Al Gore’s The Assault on Reason


I’m not sure what Al Gore wanted to provoke in people reading this book. I’ll summarize my reaction in one word: Angry. This book made me angry. Angry at the Bush Administration, all over again. At our Congress. At a handful of our judges. At those appointed by politicians. At some faith leaders. At people in general. At myself.


Why? Because Al Gore touched a nerve. Published in 2007, Gore’s work highlights the number of areas where we are allowing our political, spiritual, and corporate leaders to govern by something other than reason. In the first draft of this post, I listed the litany ills Mr. Gore highlights. I made the decision to not rehash them all here.


Mr. Gore points out that the number one source of information today is television, a one-sided flow of information at best. When this country was founded, it was by people who valued reason and discourse. Gore offers that as time has passed, we’ve become more inclined to act irrationally, basing our decisions on fear and blind faith more than reason. We’ve had leaders who have exploited this trait. As rational beings, when this type of propaganda and manipulation is exposed, we should question it and hold the perpetrators responsible. Yet for whatever reason, no pun intended, we’re less likely to do this now. We’re less likely to even know about it.

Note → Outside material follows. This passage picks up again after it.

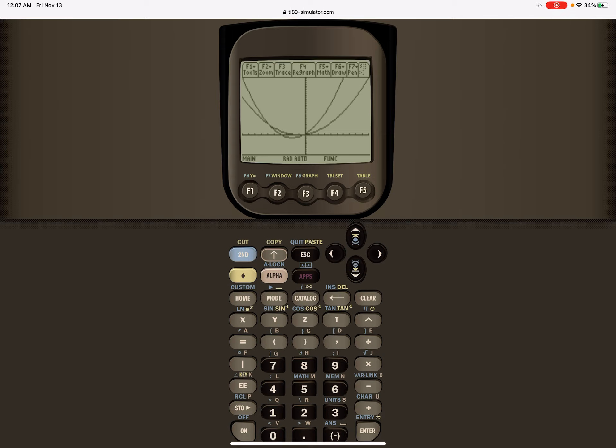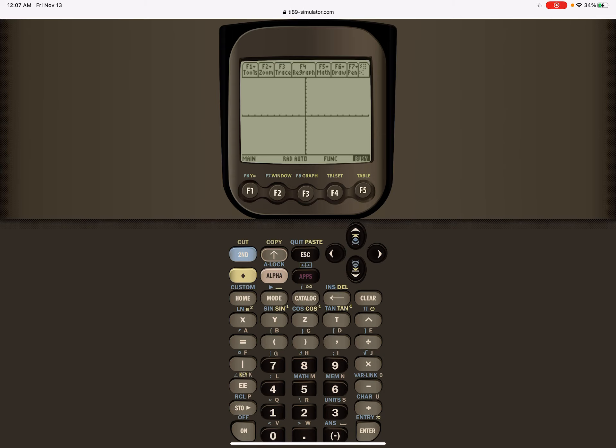If I just do zoom standard, that's F2, choice number six, I think it'll just fit in a regular window.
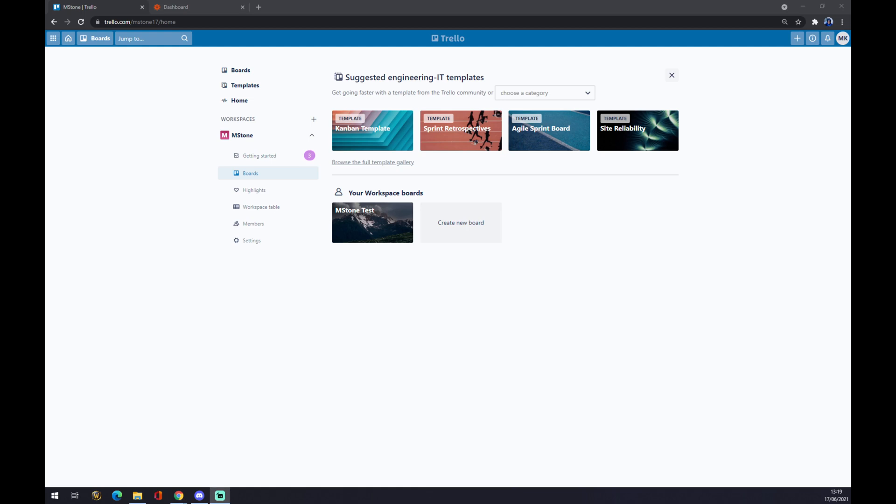Hello guys, my name is Matthew, and in today's video I'm going to show you how you can integrate Trello with Confluence. First of all, we have to create ourselves an account at Trello.com.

Mr. Gore’s book certainly made me think. I often joke that I get all my news from Jon Stewart on the Daily Show, and I do watch the show religiously. I read the news headlines every day, from several sources. But I’ve been negligent lately. I listen to my iPod in the mornings while I am getting ready for work. Starting tomorrow, I’ll be listening to NPR. I’ll be paying closer attention to what the New York Times and the BBC are publishing. I’ll be holding my representatives accountable.



I honestly wondered at the beginning of this book if Mr. Gore was writing it as more of a “Told you so” after “losing” the 2000 election. The more I read, though, the more I saw how much we as a society are not using reason, how much I’m not using reason, and the consequences of that apathy. I finished the book with a renewed commitment to doing what is right rather than what is easy.

So, ten days into January and I’ve completed four books. I’m pretty pleased with that. But I need something less intense for the next book, so I’m going back into fiction. I’ve started Melissa Marr’s Fragile Eternity, and I’ll be posting on that next. Checkout wickedlovely.com, a Melissa Marr fan site if you’d like a little insight into the Faery world that is the heart of the Wicked Lovely franchise.